The lights are not small. They are big and bulky and side mount on a swing arm. Personally I hated this design and could fathom the reason until I started using them with a giant Octo and the 1.8m umbrellas. When using standard smaller light modifiers (like umbrellas and smaller 3’ soft boxes) any light will mount happily straight on a light stand, but a giant Octobox is just that… huge! It’s big and heavy and has a lot of leverage. The side mount means you can now remove a rubber washer from the mount, and it leaves the light with ratchet teeth. Perfect to stop the head from slowly slipping to a downward position!
So, a great idea for large light modifiers, but it means all your cases will be bigger.
The units can be triggered through a built in light slave cell (one light triggers another) or standard PC sync cables. It also has the option to add the modular radio triggers into the light, but we have opted to stay with the tried and trusted PocketWizard radio triggers.

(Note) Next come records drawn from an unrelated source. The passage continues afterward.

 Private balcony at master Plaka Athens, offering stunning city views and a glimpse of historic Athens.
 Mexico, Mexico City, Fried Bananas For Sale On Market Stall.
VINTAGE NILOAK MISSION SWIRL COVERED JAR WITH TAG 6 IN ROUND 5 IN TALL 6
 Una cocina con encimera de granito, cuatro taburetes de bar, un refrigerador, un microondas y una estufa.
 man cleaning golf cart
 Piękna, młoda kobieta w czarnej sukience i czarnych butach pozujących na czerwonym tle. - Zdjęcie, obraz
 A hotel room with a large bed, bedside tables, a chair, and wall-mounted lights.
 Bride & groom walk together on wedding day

We have generally found that a trigger to close to the charging and discharging electronics in a light or generator pack tends to interfere with the radio trigger signals. This causes misfires (not end of the world, but bloody irritating!) Increasing the power of the radio trigger can solve this to a degree, but the simplest and most effective way is to move the trigger a few centimeters away from the source of interference. The pocket wizards have a 500m range, and can hang 10cm away from the actual light… Best of both worlds!
The lights are pretty fast. They recycle fast and have all the standard bells and whistles like a variable modeling light, variable analogue control (via two dials) audible beeps for recharge complete, and visual confirmation via an option for the modeling light to stay off until the flash is recharged. I prefer to switch it off as it plunges the setting in darkness for a few seconds after every shot.

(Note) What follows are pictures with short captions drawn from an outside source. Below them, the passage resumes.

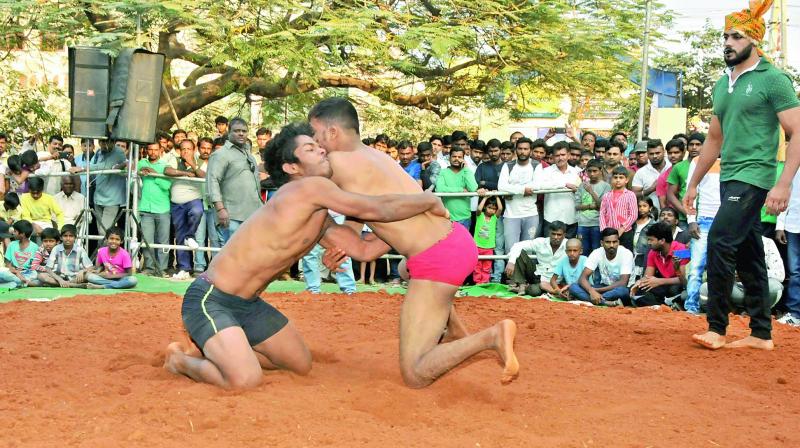 Wrestlers grapple with each other at a recent wrestling competition that was held in the city.  (Photo: DC)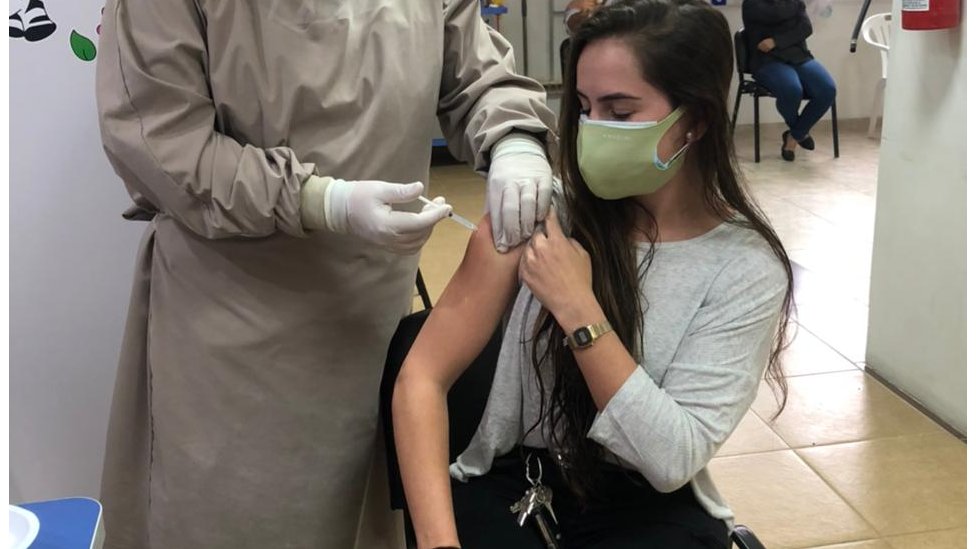 Daniela Muratório está sentada enquanto uma enfermeira aplica vacina contra a covid-19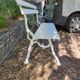 Old garden bench with cast iron feet and wooden planks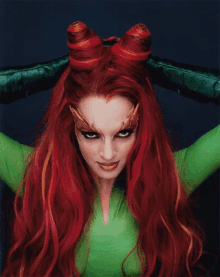 a woman with red hair and green gloves is wearing poison ivy costume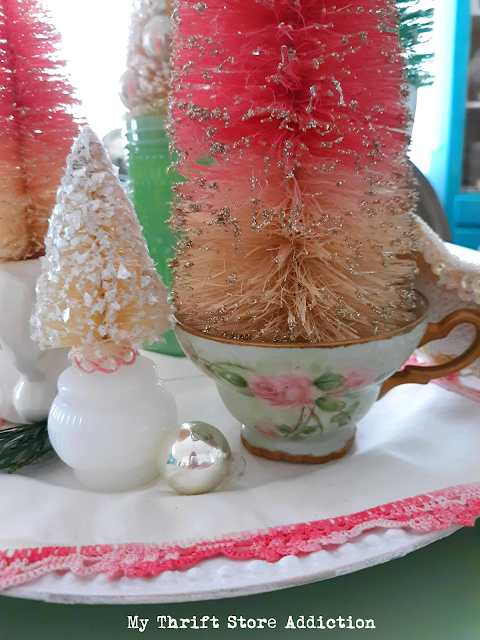 Gather your thrift store treasures and some bottle brush trees to create a lovely vintage centerpiece in less than 15 minutes! simple vintage decor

Exposure is pretty consistent through a shoot (as you can see from the example above, 7 shots in a row, shot between 1-3 seconds apart), and we couldn’t really pick up much of a colour shift over the duration of a shoot. We tend to shoot RAW and after every lighting change we shoot colour charts from where we do our adjustments for colour, exposure and white balance, so it’s not really something that we would notice in any case.
These lights will work pretty hard, but they are not designed for intense and long shooting days. On more than a few occasions, we have been forced to take a 30 minute break when one or more lights would go into a forced cool down. I have not found this listed as a feature anywhere, but that’s what the lights do.

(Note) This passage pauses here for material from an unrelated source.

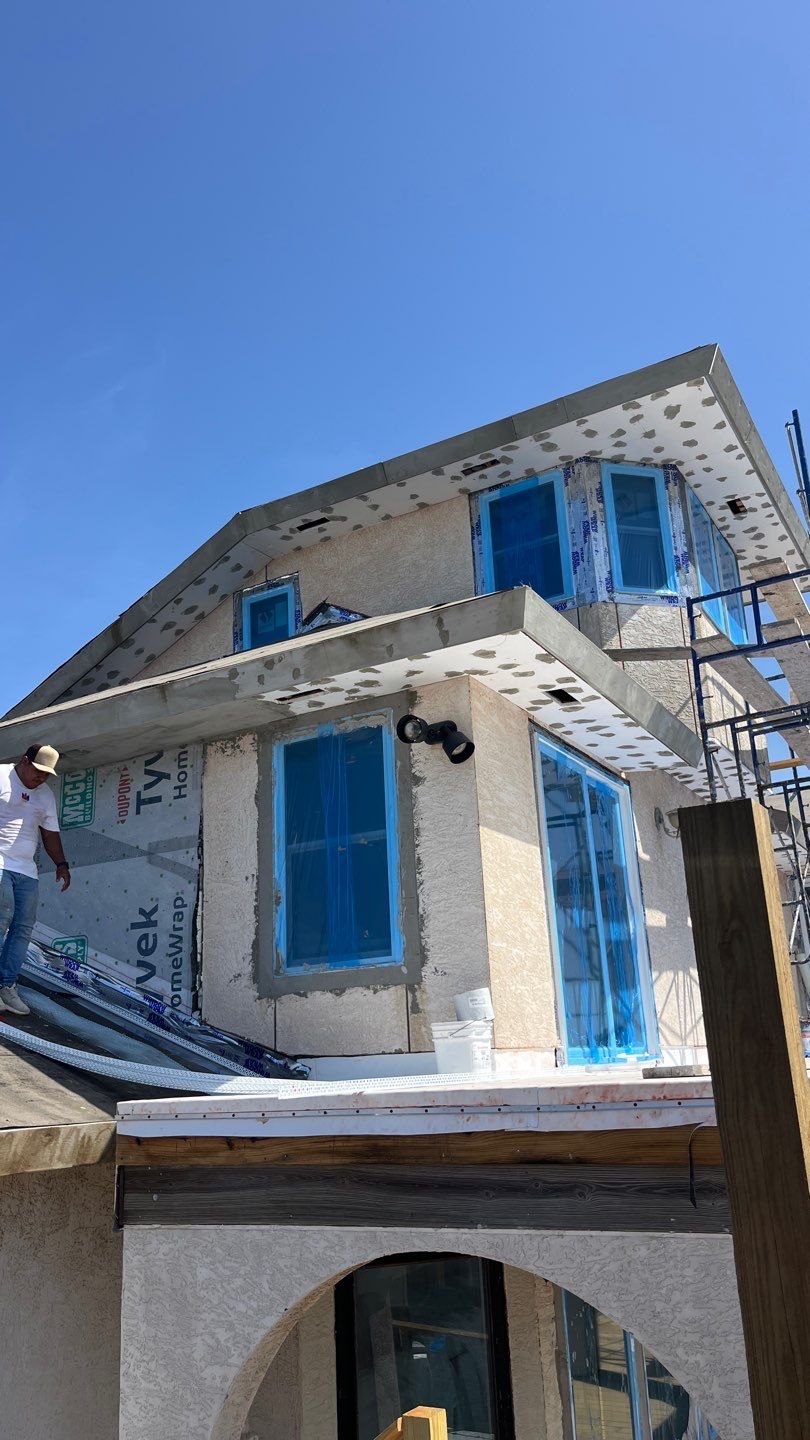 Installing Windows on a Submarine  by Bayfront Roofing and Construction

I have to be honest and say that it happens after a few hours of consistently shooting multiple models or subjects with only the shortest of breaks in between (on a day like this, shooting 2,000 to 3,000 images is quite normal) – this is a problem for most mid-level midrange, medium price point lights. Some lights from other brands will shut down, some will catch fire, others will explode – we have had all three happen. If you are going to work your lights really really hard, pay the extra money. That said, the Bowens have surprised us and fared better than most lights in the price range.
Very good value for money! We have shot portraits, we have shot performing artists, and we have shot kids. They recycle pretty fast and give you what you need. We had no problems shooting beauty and the ability to take massive light diffusers makes it a light we enjoy.
Any gripes? Well sure… The “shut down” when we push the lights too hard is a pain, but better than them exploding! The size is big, but not much bigger than similar 500watt lights. My biggest gripe? The guy that thought about the big strong swing arm configuration was not on the same team that worked on the umbrella attachments.
For some reason, the only way to attach an umbrella is by attaching the small reflector. The umbrella attachment is attached to the, very light and bendable, reflector, which means any heavy umbrella or even a mid size umbrella caught in a bit of wind or a bump will bend the reflector… And/or break the umbrella attachment. Not the best design in my opinion.
One more thing to mention is that the slave cell may, in certain conditions, not trigger the light. If it struggles to see the changes in light, this will happen, and because the cell is located on the barrel of the light, if you are shooting in a location with “down lighters” it may happen that it will not always trigger. This is not a big issue for general use though, and a piece of card shielding the cell sorts out this problem.
For the rest… Works as advertised.
I will recommend them without to much hesitation for any beginner or mid size studio that does mainly short to half day shoots.